Credit conditions remain tight for Spanish business and consumers, who have been hit by sluggish output growth and high unemployment. Low interest rates have also eroded banks’ margins.
Bankia was formed in 2010 as a congolmerate of seven of the country's regional banks which were facing the threat of bankruptcy. In 2012, the Spainish government was forced to bail it out after it nearly collapsed, leaving Spain's taxpayers with a 45% stake.
Spain’s outlook, along with many other Western economies, is looking up. The country exited a two year recession in the third quarter after it scraped 0.1% GDP growth.
Prime Minister Mariano Rajoy was upbeat regarding the end of the recession, but cautioned that a recovery will be “slow and gradual”.
In September, Spain’s public debt hit a new high of 92.2% of GDP at €942.8bn. Its unemployment rate remains stubbornly high at 26.9%.
However, the banking sector is showing signs of improvement. Spain's landers had suffered badly from the 2008 property asset collapse, having been tied up in the financing of the real estate boom beforehand.
In August 2012, Spanish banks borrowed €411bn from the European Central Bank (ECB) to maintain liquidity.
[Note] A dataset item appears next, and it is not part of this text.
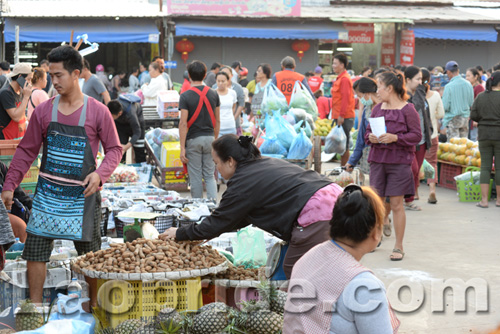 Khua Din market in Vientiane, Laos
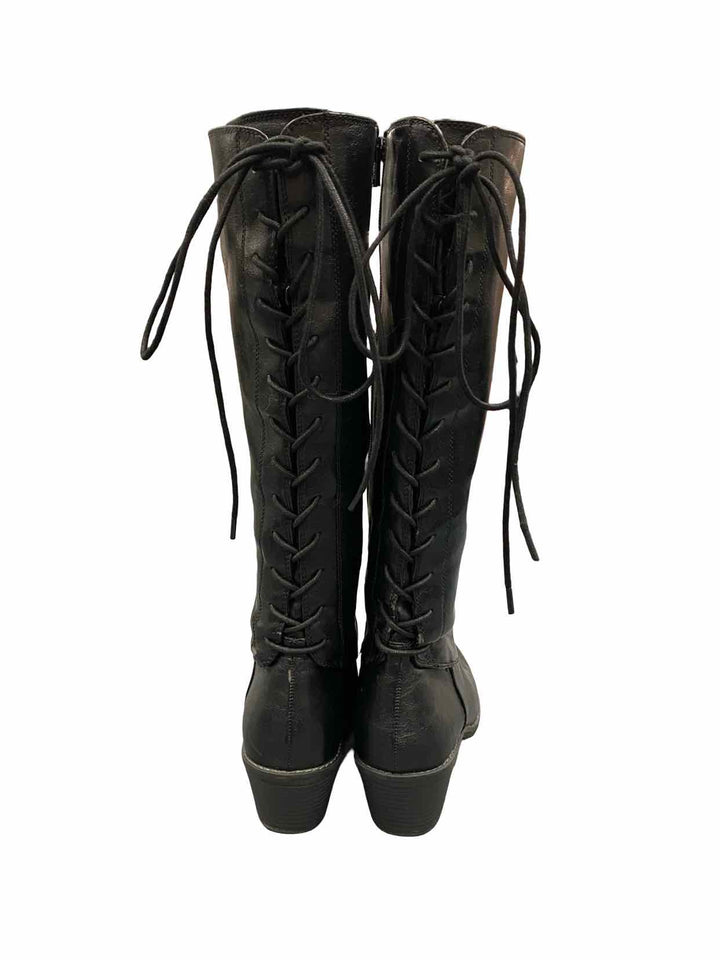 Sofft Shoe Size 9 Black Leather Sharnell 2 Boots(knee)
The country's banks have reduced their borrowing from the ECB for 12 consecutive months, drawing down just €249bn in August.
The International Monetary Fund (IMF) has hailed the “strong progress” of Spain’s economic reforms through fiscal tightening, the relaxing of labour market laws, and cleaning up the banking system.
"Strong reform progress is helping stabilise the economy and external and fiscal imbalances are correcting rapidly. But unemployment remains unacceptably high and the outlook difficult. This calls for urgent action to generate growth and jobs, both by Spain and Europe," said the IMF's concluding statement after its visit to Madrid.